What is the Evidence?
To know which interpretation is correct, one must look at the evidence present at Yellowstone itself.
Roots: Under normal circumstances, trees have root systems that are very extensive. These roots spread radially into the ground and hold the tree upright. However, the evidence in Yellowstone shows that the roots (and branches) of many petrified trees were actually broken off before the trees were buried. Trees that grew in place and then were petrified should show an extensive petrified root system as well, but what we actually observe are small root balls—evidence of them having been forcefully pulled out of the ground at another location and transported to the Yellowstone area where they were buried.
Soils: Another piece of evidence to be examined is the surrounding soils of these petrified forests. After about 200 years, volcanic ash from an eruption would have weathered into clay, and then into soil before another forest could grow. Each mature forest would have developed a humus layer, consisting of normal organic debris from the trees and plants. The evidence should show layers of clay alternating with thick layers of organic material between successive forests. The fact is that there is no clay found in these volcanic layers in Yellowstone and the average layer of organic material is only about 1 inch thick. The sediments at Yellowstone’s petrified forests also appear graded and laminated, the result of hydraulic (water) action. If these represented a forest floor covered by volcanic ash, no such features should be evident.
Fossils: Forests traditionally carry a wealth of animal life—mammals, birds, insects, earthworms. Therefore, when the volcanic eruptions supposedly buried these forests, they would have also buried numerous forest animals that did not make it out of the area before or during the eruptions. Some of these animal remains would surely have been preserved for later discovery. However, these are completely absent from the area of Yellowstone’s petrified forests.
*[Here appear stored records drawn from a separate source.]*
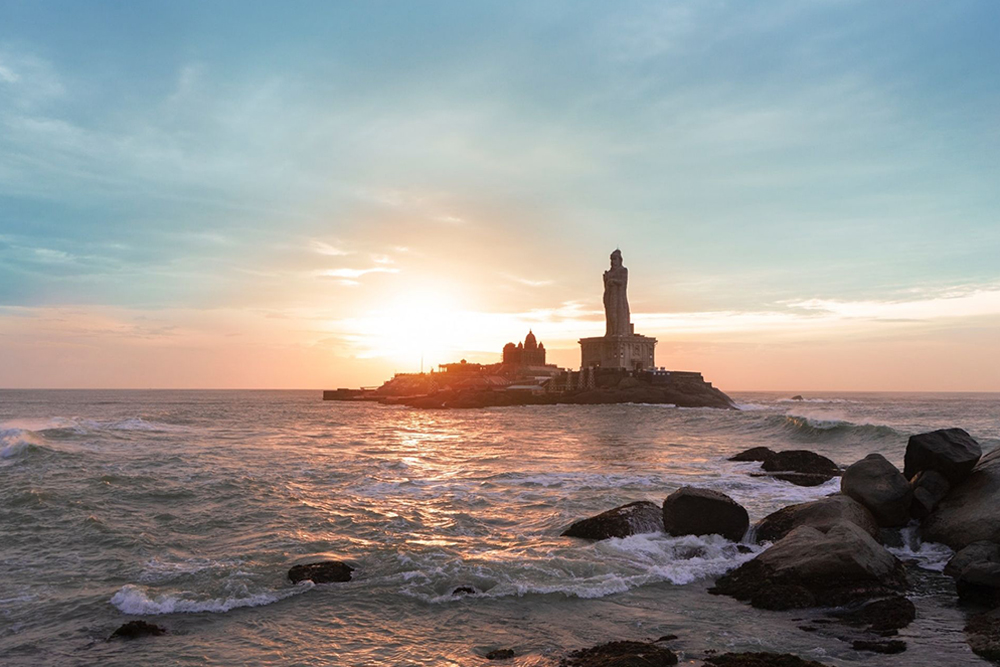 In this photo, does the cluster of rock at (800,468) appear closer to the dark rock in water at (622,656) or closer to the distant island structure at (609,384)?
the dark rock in water at (622,656)

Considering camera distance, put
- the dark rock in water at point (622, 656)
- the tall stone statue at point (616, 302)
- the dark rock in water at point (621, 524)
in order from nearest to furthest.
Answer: the dark rock in water at point (622, 656), the dark rock in water at point (621, 524), the tall stone statue at point (616, 302)

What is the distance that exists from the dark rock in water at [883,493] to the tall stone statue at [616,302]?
110 m

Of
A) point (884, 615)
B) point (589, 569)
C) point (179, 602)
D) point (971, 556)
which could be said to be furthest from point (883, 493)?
point (179, 602)

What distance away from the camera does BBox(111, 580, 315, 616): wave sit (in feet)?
36.8

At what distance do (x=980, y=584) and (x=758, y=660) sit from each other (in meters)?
5.47

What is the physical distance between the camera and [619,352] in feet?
406

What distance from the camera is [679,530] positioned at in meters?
15.3

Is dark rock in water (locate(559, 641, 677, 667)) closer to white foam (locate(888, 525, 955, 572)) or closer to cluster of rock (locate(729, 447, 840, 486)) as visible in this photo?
white foam (locate(888, 525, 955, 572))

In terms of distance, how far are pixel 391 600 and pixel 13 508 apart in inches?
547

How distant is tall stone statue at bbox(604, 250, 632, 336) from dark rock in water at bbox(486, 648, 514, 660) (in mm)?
118091

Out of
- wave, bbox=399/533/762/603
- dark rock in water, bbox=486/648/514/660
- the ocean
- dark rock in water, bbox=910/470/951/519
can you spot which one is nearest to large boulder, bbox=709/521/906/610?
the ocean

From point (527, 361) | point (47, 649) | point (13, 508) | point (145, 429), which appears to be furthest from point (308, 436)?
point (527, 361)

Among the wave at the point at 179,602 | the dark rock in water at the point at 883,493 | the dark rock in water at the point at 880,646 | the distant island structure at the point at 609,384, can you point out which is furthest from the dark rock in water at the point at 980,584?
the distant island structure at the point at 609,384

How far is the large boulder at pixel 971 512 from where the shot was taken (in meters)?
13.8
Petrification: It has been demonstrated that, given the right chemical conditions, petrification can occur very quickly, in the space of days or months. Not only in laboratories, but even in nature, petrification has been observed to take place rapidly. Thus, the timeframe for the formation of the petrified forests is totally consistent with the biblical timescale of a few thousand years.
What is the Conclusion?
Looking at the broken roots, the soils and the lack of fossils gives us proof of several obvious conclusions. First, these trees, as well as the soils, were transported from one location to another, most likely by water. Second, they show evidence of rapid burial. Sufficient clay and organic soil for the growth of new trees is not found in the successive layers. The evidence itself speaks of a rapid sequence of deposition and burial in a catastrophic event, not of thousands of years of slow growth, burial and regrowth.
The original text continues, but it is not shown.